« L’on voit parfois, dans un train ou une salle d’attente, un visage humain. Qu’y a-t-il en lui de différent? Là encore, il nous faudra parler par défaut, dire ce que ses traits ne trahissent point. Les yeux n’expriment ni méfiance ni requête. Ils ne sont ni distraits ni fureteurs. S’ils ne cèdent à aucun moment à l’absence, jamais ils ne se montrent tout à fait présents. De tels visages, que l’on découvre sans peine dans les tableaux des maîtres anciens, semblent de nos jours scellés par une invincible mélancolie. Pourtant, dans le train ou la salle d’attente, ils comblent l’âme de joie, d’un sentiment de vie plus intense, précisément. Aucun mot ne sera prononcé, mais le pur éclair du sourire est une fugue vers un lieu serein, vul­nérable au point d’être inaccessible. On parle, pour aller vite, de « regard éveillé ». Ce sont en réalité des yeux héroïques. Ils ont vu la beauté et ne s’en sont pas détournés. Ils ont reconnu sa perte sur la terre et par mérite l’ont acquise en esprit. Même la photographie ne saurait détruire entière­ment de tels visages, de plus en plus rares, il est vrai. » Cristina Campo, Les Impardonnables (p. 115), traduit de l’italien par Francine de Martinoir, Jean-Baptiste Para et Gérard Macé, L’Arpenteur – Gallimard, 1992.
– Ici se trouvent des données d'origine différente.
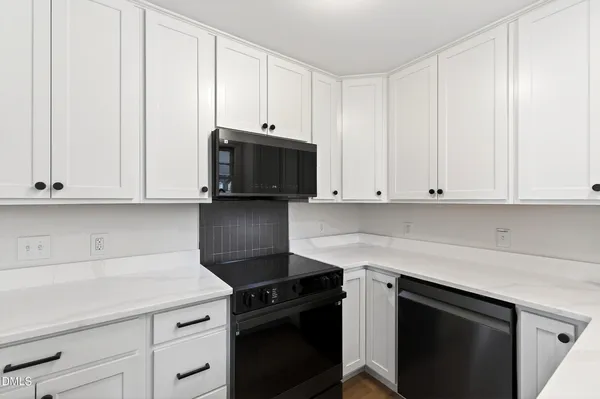 a kitchen with granite countertop white cabinets and black appliances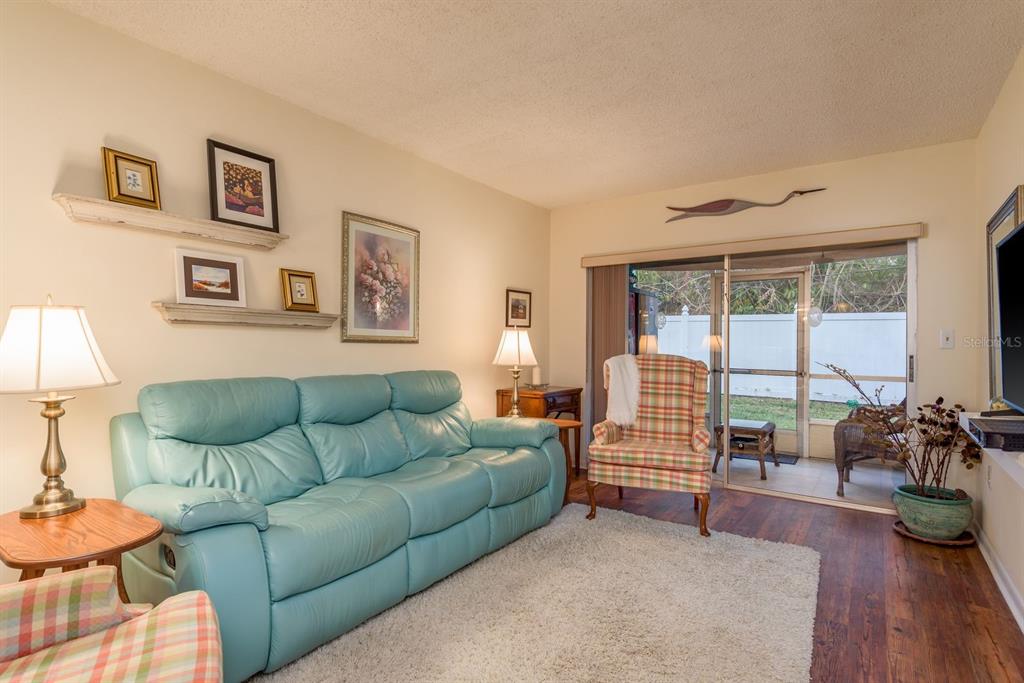 952 Virginia Street, Unit 105 Dunedin, FL 34698 - Photo 7 of 26 a living room with furniture and a large window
Sur Cristina Campo, celle qui ne pouvait « être rangée ni parmi les écrivaines, ni parmi les écrivains » selon Guido Ceronetti et à qui l’on doit d’avoir, au bord de l’ineffable, fait tinter la note de cristal de la « sprezzatura » (toute concentrée dans cette phrase: « La lésion du sens esthétique ne peut pas, à la longue, ne pas blesser le sens moral ») cette note biographique des Editions Arfuyen.

Illustrations: Deux visages pleins de « sprezzatura » (photographie d’origine inconnue d’une inconnue dans le métro / photographie de Franco Salmoiraghi).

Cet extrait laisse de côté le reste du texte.